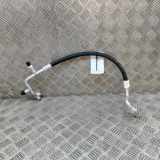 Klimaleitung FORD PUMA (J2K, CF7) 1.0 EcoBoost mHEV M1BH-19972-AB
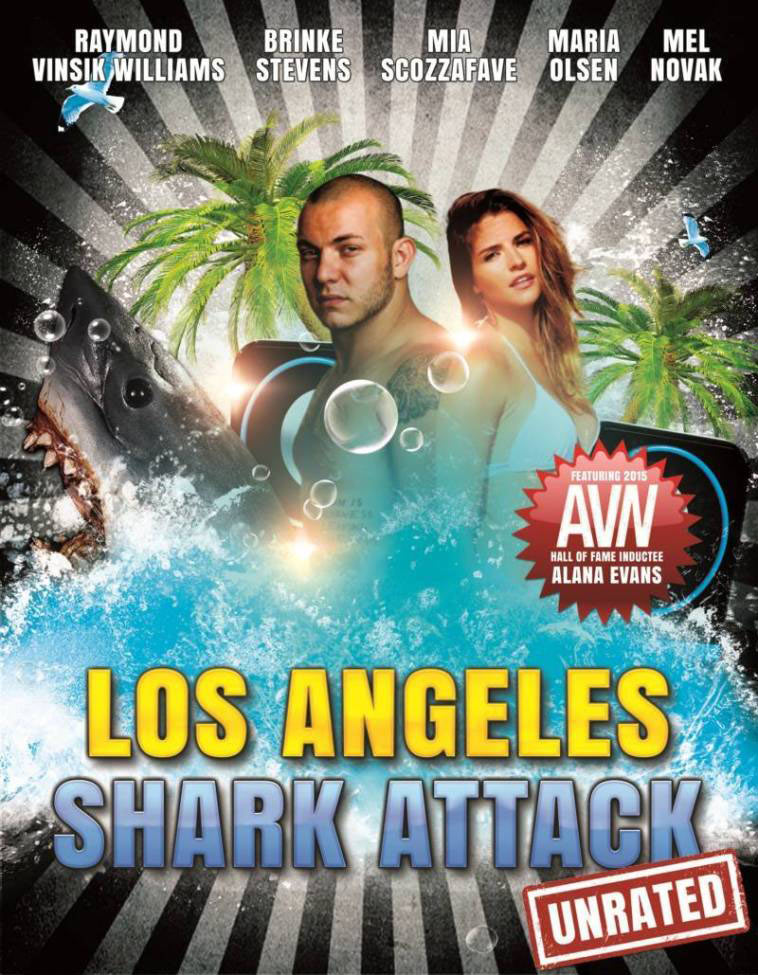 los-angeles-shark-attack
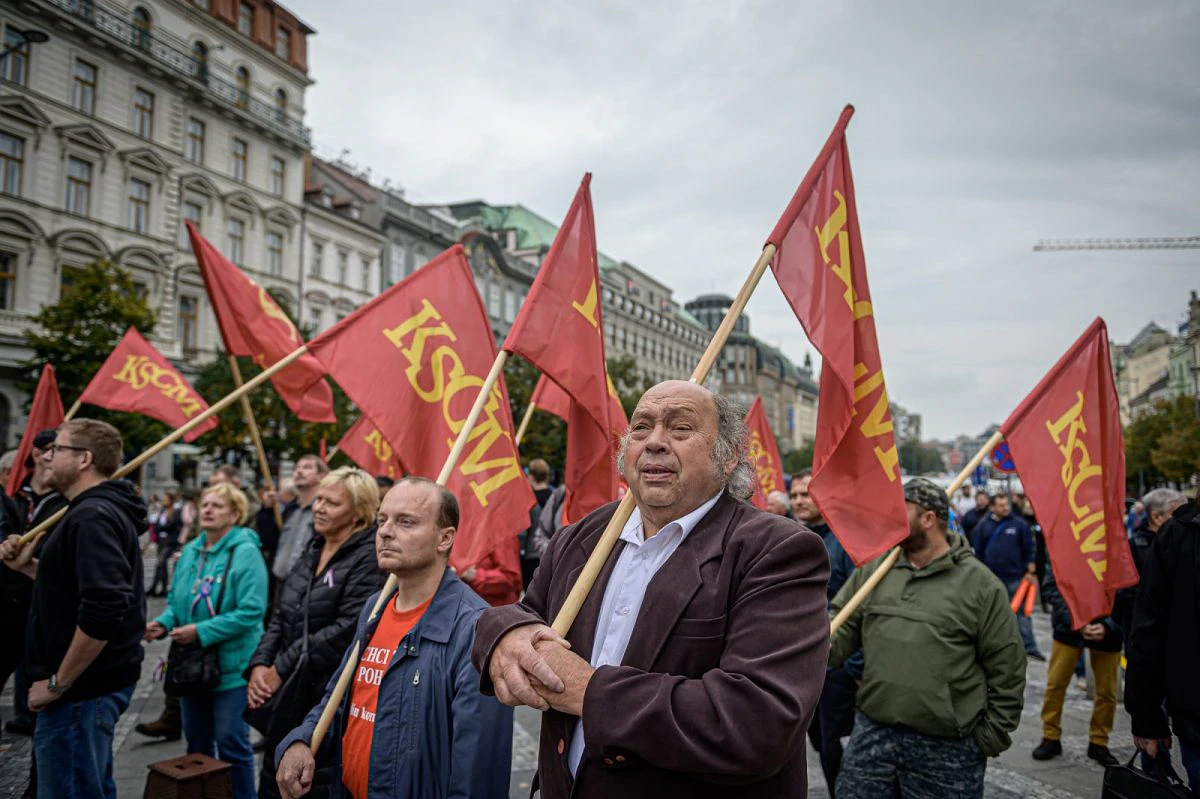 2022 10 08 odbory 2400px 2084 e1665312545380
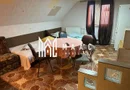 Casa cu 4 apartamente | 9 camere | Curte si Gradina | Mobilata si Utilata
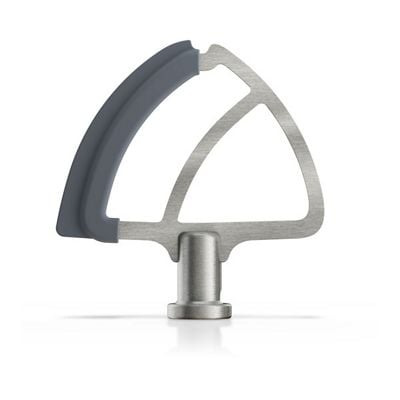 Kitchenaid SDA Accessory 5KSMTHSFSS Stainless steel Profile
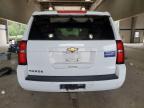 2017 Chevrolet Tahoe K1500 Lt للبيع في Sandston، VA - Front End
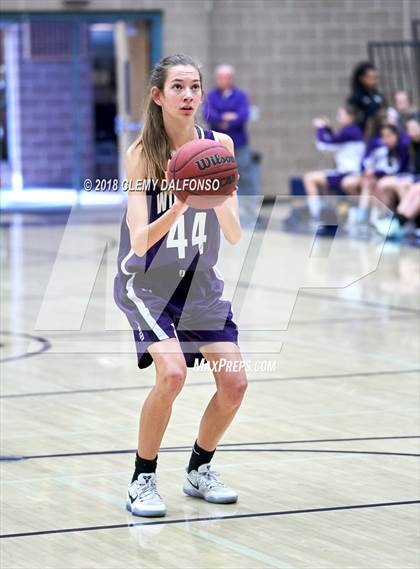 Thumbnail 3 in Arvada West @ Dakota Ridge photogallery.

::::

▸ **Work required**:
Leaving the pictures aside, transcribe only the lines from the one containing "2022 10 08 odbory 2400px 2084 e1665312545380" to the final line of the listing above, inclusive, exactly as they appear.

▸ **Answer section**:
 2022 10 08 odbory 2400px 2084 e1665312545380
 Casa cu 4 apartamente | 9 camere | Curte si Gradina | Mobilata si Utilata
 Kitchenaid SDA Accessory 5KSMTHSFSS Stainless steel Profile
 2017 Chevrolet Tahoe K1500 Lt للبيع في Sandston، VA - Front End
 Thumbnail 3 in Arvada West @ Dakota Ridge photogallery.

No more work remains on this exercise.